Plasma membrane enriched vesicles were isolated from 5 week old Col 0, pks5 1, j3 1, and j3 2 plants treated with or without 250 mM NaCl for 3 or 6 d, and the ATP hydrolytic and H transport activities of the H ATPase were measured. Assays in the presence of specific H ATPase inhibitors demonstrated that the vesicles were enriched in plasma membranes and that they were transport competent . Unless indicated, all PM H ATPase activity assays shown monitor the H transport activity of the H ATPase. Without NaCl treatment, there was no significant difference in PM H ATPase activity between Col 0 and the j3 mutants . After plants were treated with NaCl, PM H ATPase activity increased significantly in all plants. However, the increase in activity was significantly lower in the vesicles isolated from j3 mutant plants compared with activity in Col 0 . Consistent with previous results , PM H ATPase activity in pks5 1 mutant plants was higher than activity in Col 0 . When we increased the time of treatment to 6 d, PM H ATPase activity increased further relative to activity after the 3 d treatment. The increase in Col 0 was 44%, but only 11% in pks5 1, 14% in j3 1, and 19% in j3 2 mutants .

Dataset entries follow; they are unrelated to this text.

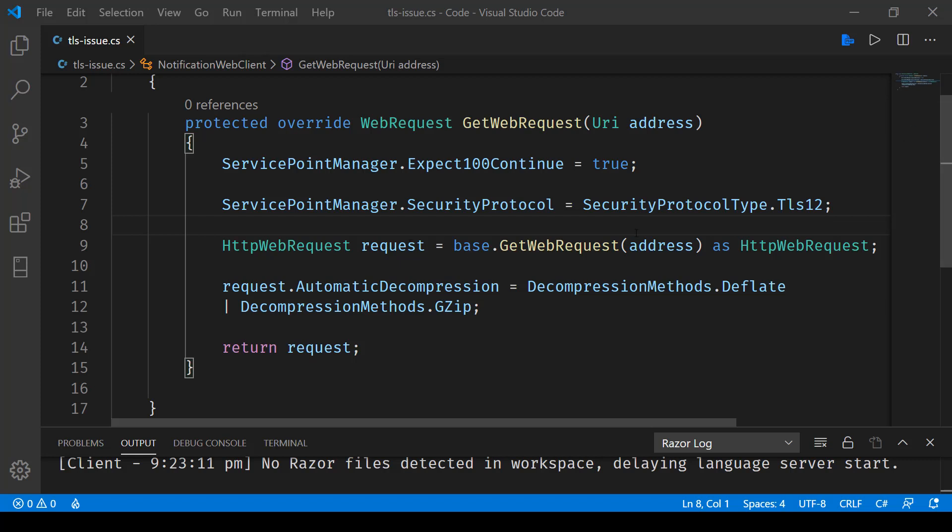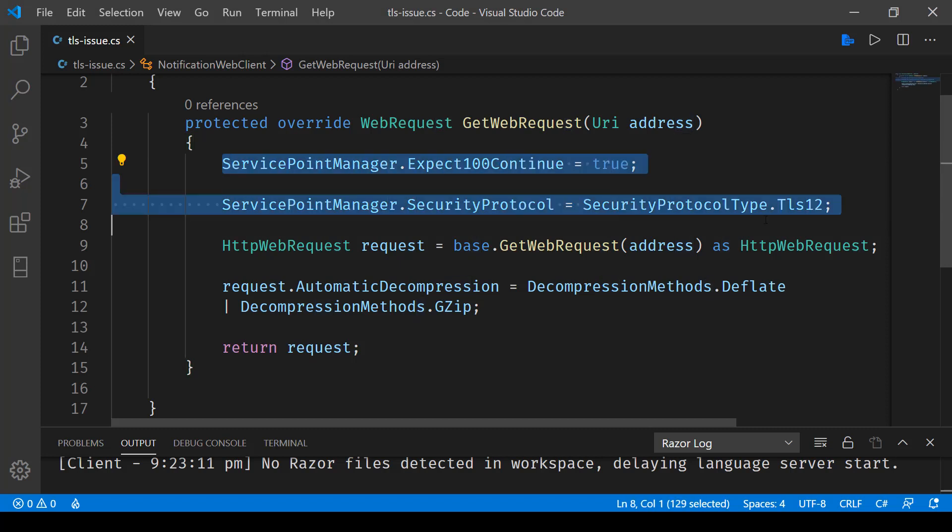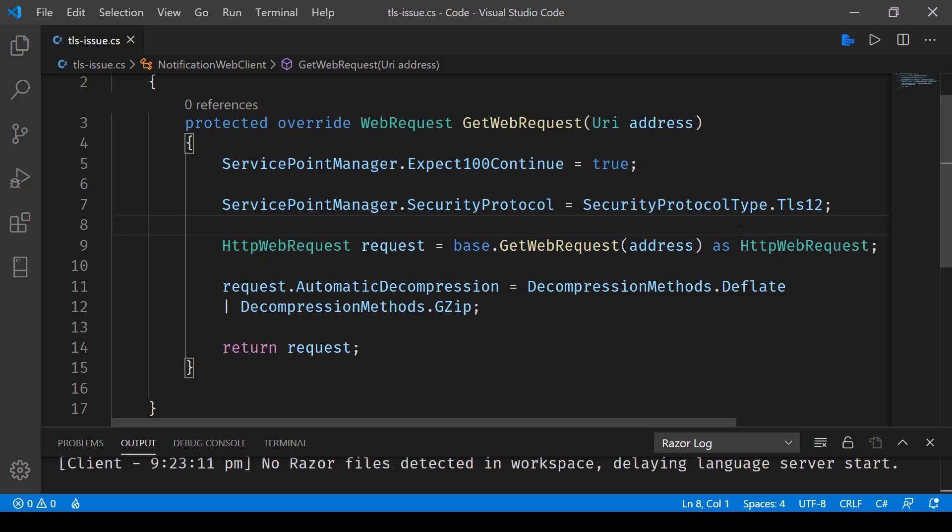First, set ServicePointManager.Expect100Continue to true. Then, set ServicePointManager.SecurityProtocol to SecurityProtocolType.Tls12.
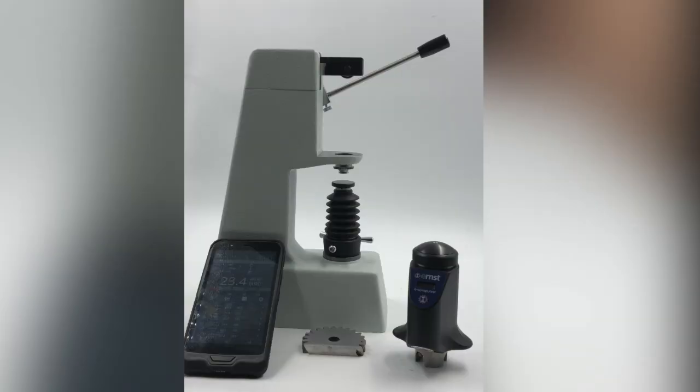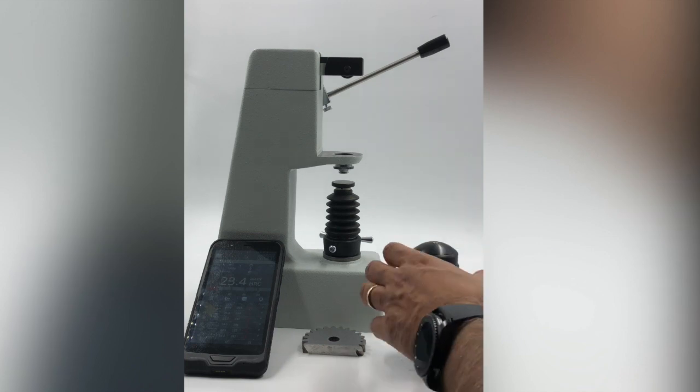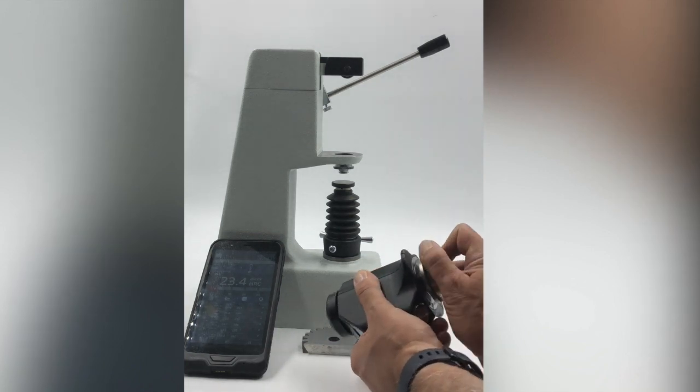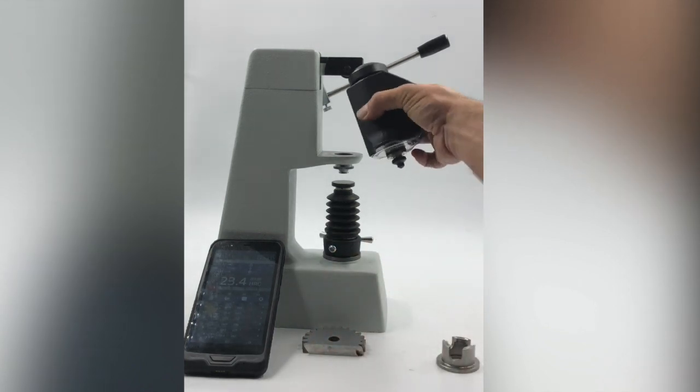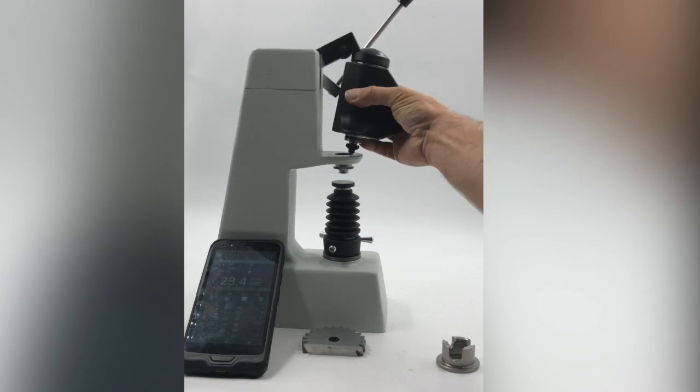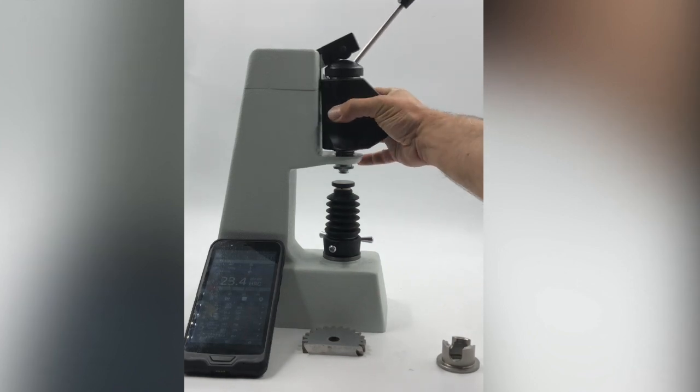For accuracy, we can transform our portable unit into a bench instrument. Very simple. Let's remove the standard base and place the instrument on the bench.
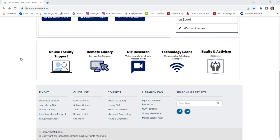Further down the page, you can find information about remote services for students, our DIY research channel on YouTube, information about technology loans, and our equity and activism guides.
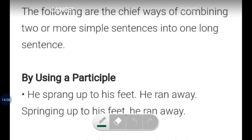The following are the chief ways of combining two or more simple sentences into one longer sentence. We will look at the rules by which you can join simple sentences to form a new sentence — for example, by using a participle.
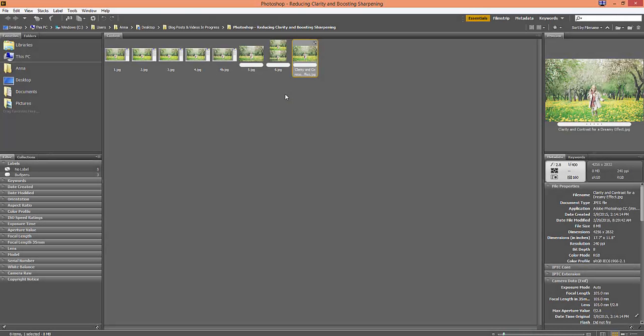Hi everyone, it's Anna for Pretty Actions. In this tutorial, I'm going to show you how to create a soft and dreamy effect in Adobe Camera Raw by reducing the clarity and boosting the contrast, then finishing off the image with a few minor adjustments to the saturation and luminance sliders.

These results suggest that loss of either PKS5 or J3 in Arabidopsis alters regulation of PM H ATPase activity during salt stress. The difference in PM H ATPase activity between Col 0 and j3 increased to 32% and 31% after 6 d of treatment compared with 14% and 16% after 3 d of treatment. Consistent with what we have shown previously, the pH optimum for PM H ATPase activity in pks5 Sorafenib PDGFR inhibitor selleck chemicals 1 shifted from 6.5 to 7.0, while for j3 mutants, the optimum stayed at 6.5, the same as for Col 0, but with lower activity . Addition of recombinant PKS5 protein to plasma membrane vesicles isolated from the pks5 1 mutant rescuedPMH ATPase activity to Col 0 levels . To determine if addition of J3 protein in the assay also affects PM H ATPase activity, the J3 coding region was cloned into the pGEX 6p 1 vector to generate a translational fusion to glutathione S transferase . The resulting plasmid was transferred into E. coli BL21 , and the J3 protein was purified and added to PM H ATPase assays.
In the presence of 250 ng mL J3, PM H ATPase activity increased in vesicles isolated from Col 0 and the j3 mutant . As a control, GST or boiled J3 protein was added to assays and did not have any effect on PM H ATPase activity . When we monitored the level ofPMH ATPase protein in response to NaCl treatment with immunoblot analysis using PM H ATPase antibodies, we did not observe Quercetin significant differences in protein levels among Col 0, pks5 1, j3 1, and j3 2 plants . Addition of J3 protein to membranes isolated from pks5 1 had no significant effect on activity . These data indicate that J3 is a novel regulator of PM H ATPase activity and that this regulation likely takes place via mediation of PKS5 activity.